Mahmoud não pensa em voltar tão depressa, sabe que a situação vai piorar antes de melhorar. Entretanto, prepara-se e quer saber tudo o que a oposição síria não sabia sobre história e ciência política antes de se aventurar numa revolução. A primeira vez que o vimos, de fato e gravata, a assistir às conferências do Fórum Lisboa, um encontro com políticos e activistas do Norte e do Sul do Mediterrâneo que o Conselho da Europa organiza todos os anos em Portugal, imaginámos que podíamos estar a olhar para um futuro político. No segundo encontro, estava de jeans, T-shirt e casaco de fecho e capuz, mas não deixava de parecer capaz de um dia ajudar a governar o seu país.

Talvez por ser mais velha do que Mahmoud, Hasan, Nour e Maria, talvez por causa dos últimos meses em Évora, talvez por ser apenas diferente, Amira não se imagina em condições de regressar nos anos mais próximos à Síria. Por causa da Síria e por causa dela própria. “A Síria acabou. Os irmãos não confiam uns nos outros, os primos desconfiam dos primos. E eu preciso de me educar mais, de ganhar experiência e de ganhar dinheiro. Talvez aos 50 anos eu possa ter algo para dar ao meu país.”

Nour, que continua, um pouco como todos os sírios, a sentir alguma culpa por estar longe e vivo — porque é que não foi ele “a morrer num acidente de carro ou com um tiro de um atirador furtivo?” —, diz que só tem um sonho. “Quando um dia morrer, quero morrer na Síria. A nossa terra é muito importante para nós.”

Todos, mesmo os que dizem que o coração lhes chora quando vêem destruídos os lugares que conheciam, sabem que a reconstrução mais difícil não vai ser a das cidades. “O mais importante são as pessoas. Quando pensamos nas crianças, uma criança que viu um soldado matar o pai, outra que viu um rebelde matar o pai... Vamos precisar de programas de educação globais. E, por mais que façamos, acho que não vamos conseguir apagar tudo”, lamenta Hasan, sem perder a esperança.

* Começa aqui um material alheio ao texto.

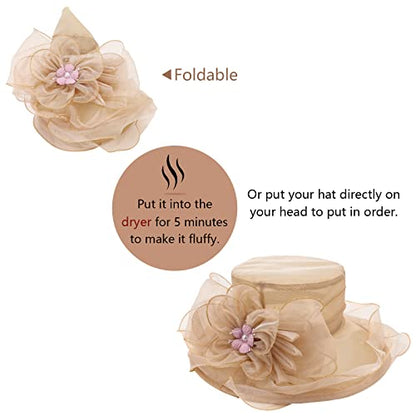 AQOKKA Women Organza Church Fascinators Kentucky Derby Hats for Women and Girls Wedding Flower Tea Party Hat with Wide Brim - color: Simulated Flower : Khaki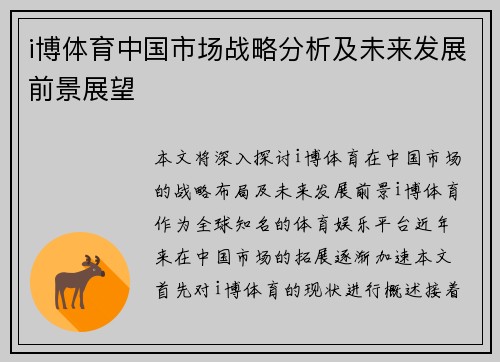 i博体育中国市场战略分析及未来发展前景展望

“A Síria está destruída, mas o pior de tudo são os estrangeiros. Cometemos erros mas os erros podem ser corrigidos. Quando conseguirmos expulsar os estrangeiros, vamos conseguir voltar a viver juntos”, diz Hasan. Os estrangeiros são todos os fundamentalistas vindos de várias partes do mundo que aproveitaram o caos sírio para ali tentarem erguer o seu país de sonho. “Todos os sírios perderam, uns de um lado, outros do outro. Vamos ter de perceber que a vingança não faz sentido, qualquer vingança será sempre contra outros sírios.”

A educação é o mais importante, insiste também Maria, sem nunca deixar de acreditar, como Mahmoud, que a Síria do futuro vai ser melhor do que a Síria do passado. “Eu não quero que as próximas gerações sintam as frustrações que eu sentia. Vou-me sacrificar para que os mais novos tenham uma vida melhor, eles merecem. Como os meus pais se sacrificaram. Um dia, a vida dos meus sobrinhos vai ser melhor por causa disto”, diz Maria. “É a nossa geração que vai ter de reconstruir a Síria.” Com mais ou menos optimismo, nisso todos acreditam e é precisamente por isso que estão aqui. “Agora é muito duro, mas eu conheço o meu povo, sei que não vamos desistir do nosso país e que podemos recuperar de tudo, de toda a destruição.”